If PMI is required for your loan,
Ask what the total cost of the insurance will be.
Ask how much your monthly payment will be when including the PMI
premium.
Ask how long you will be required to carry PMI.
Here
at Advantage Insurance and Mortgage Group, we specialize in 100
percent financing options, which allow our clients the luxury
of not having to provide any down payment toward the purchase
of their new home. In fact, many times the closing cost can be
rolled into the loan amount or paid by the seller. Also, at Advantage,
we will utilize our expertise to find the best Mortgage Programs
which does not require any (PMI) Private Mortgage Insurance, which
in return, reduces the overall cost for our clients.
Fair Lending is Required
By Law
The
Equal Credit Opportunity Act prohibits lenders from discriminating
against credit applicants in any aspect of a credit transaction
on the basis of race, color, religion, national origin, sex, marital
status, age, whether all or part of the applicant’s income comes
from a public assistance program, or whether the applicant has
in good faith exercised a right under the Consumer Credit Protection
Act.
The
Fair Housing Act prohibits discrimination in residential real
estate transactions on the basis of race, color, religion, sex,
handicap, familial status, or national origin. Under these laws,
a consumer cannot be refused a loan based on these characteristics
nor be charged more for a loan or offered less favorable terms
based on such characteristics.
At
Advantage Insurance and Mortgage Group, we pride ourselves on
working with the utmost honest and ethical business practices.
We believe in following the written laws and regulations to the
highest standards, thus creating a sense of reassurance for our
clients, their families, and friends.
Credit Problems?
Don’t
assume that minor credit problems or difficulties stemming from
unique circumstances, such as illness, divorce, or temporary loss
of income, will limit your loan choices to only high-cost lenders.
If your credit report contains negative information that is accurate,
but there are good reasons for trusting you to repay a loan, be
sure to explain your situation to the lender or broker. If your
credit problems cannot be explained, you will probably have to
pay more than borrowers who have good credit histories. But don’t
assume that the only way to get credit is to pay a high price.
Ask how your past credit history affects the price of your loan
and what you would need to do to get a better price.
Whether
you have credit problems or not, it’s a good idea to review your
credit report for accuracy and completeness before you apply for
a loan. At Advantage, we will review and analyze your credit situation,
to help you get back on track if you have had credit problems
in the past. To order a copy of your credit report, contact:
Advantage Insurance and Mortgage Group: (704) 262-3758
Equifax:
(800) 685-1111
TransUnion: (800) 888-4213
Experian: (888) 397-3742
Glossary
Adjustable-rate
loans,
also known as variable-rate loans, usually offer a lower initial
interest rate than fixed-rate loans. The interest rate fluctuates
over the life of the loan based on market conditions, but the
loan agreement generally sets maximum and minimum rates. When
interest rates rise, generally so do your loan payments; and when
interest rates fall, your monthly payments may be lowered.

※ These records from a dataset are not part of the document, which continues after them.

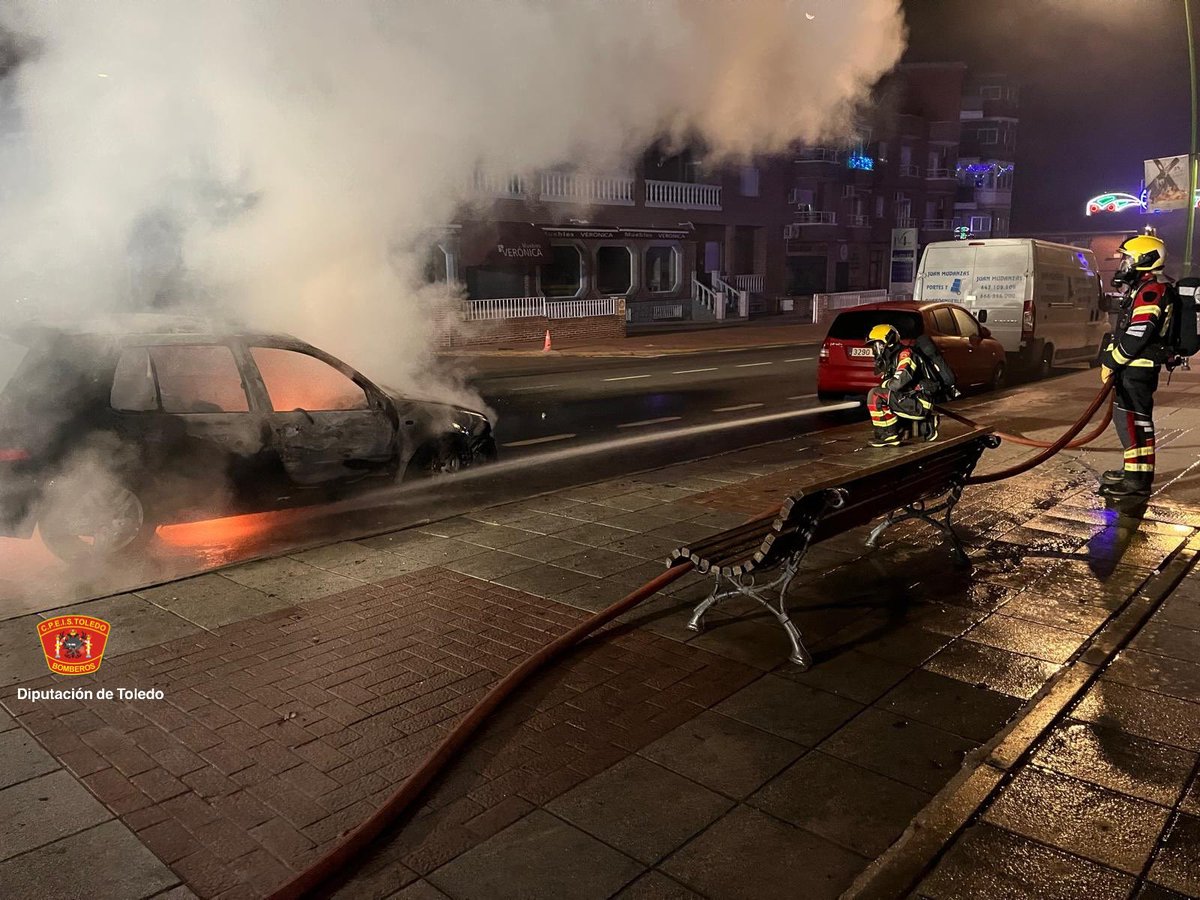 cpeistoledo's tweet photo. 📍Incendio vehículo 🔥🚗 Yuncos
Extinción de un turismo totalmente calcinado en vía pública
Se refrigera y se cubre con espuma
Interviene @CpeisToledo #GuardiaCivil062 #PolicíaLocal
#CpeisToledo
#Bomberos https://t.co/d5tyfsKuxp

Annual percentage rate (APR) is the cost
of credit expressed as a yearly rate. The APR includes the interest
rate, points, broker fees, and certain other credit charges that
the borrower is required to pay.
Conventional loans are
mortgage loans other than those insured or guaranteed by a government
agency such as the FHA (Federal Housing Administration), the VA
(Veterans Administration), or the Rural Development Services (formerly
know as Farmers Home Administration, or FmHA).

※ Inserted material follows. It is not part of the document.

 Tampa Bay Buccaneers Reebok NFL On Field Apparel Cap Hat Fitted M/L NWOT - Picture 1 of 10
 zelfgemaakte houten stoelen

Escrow is the holding of money or documents
by a neutral third party prior to closing. It can also be an account
held by the lender (or servicer) into which a homeowner pays money
for taxes and insurance.
Fixed-rate loans generally
have repayment terms of 15, 20, or 30 years. Both the interest
rate and the monthly payments (for principal and interest) stay
the same during the life of the loan. The interest rate is the
cost of borrowing money expressed as a percentage rate. Interest
rates can change because of market conditions.
Loan origination fees are fees charged
by the lender for processing the loan and are often expressed
as a percentage of the loan amount.
Lock-in refers to a
written agreement guaranteeing a home buyer a specific interest
rate on a home loan provided that the loan is closed within a
certain period of time, such as 60 or 90 days. Often the agreement
also specifies the number of points to be paid at closing.
Mortgage, a document signed by a borrower
when a home loan is made that gives the lender a right to take
possession of the property if the borrower fails to pay off the
loan.
Overages are the difference between
the lowest available price and any higher price that the home
buyer agrees to pay for the loan. Loan officers and brokers are
often allowed to keep some or all of this difference as extra
compensation.
Points are fees paid
to the lender for the loan. One point equals 1 percent of the
loan amount. Points are usually paid in cash at closing. In some
cases, the money needed to pay points can be borrowed, but doing
so will increase the loan amount and the total costs.
Private mortgage insurance (PMI) protects
the lender against a loss if a borrower defaults on the loan.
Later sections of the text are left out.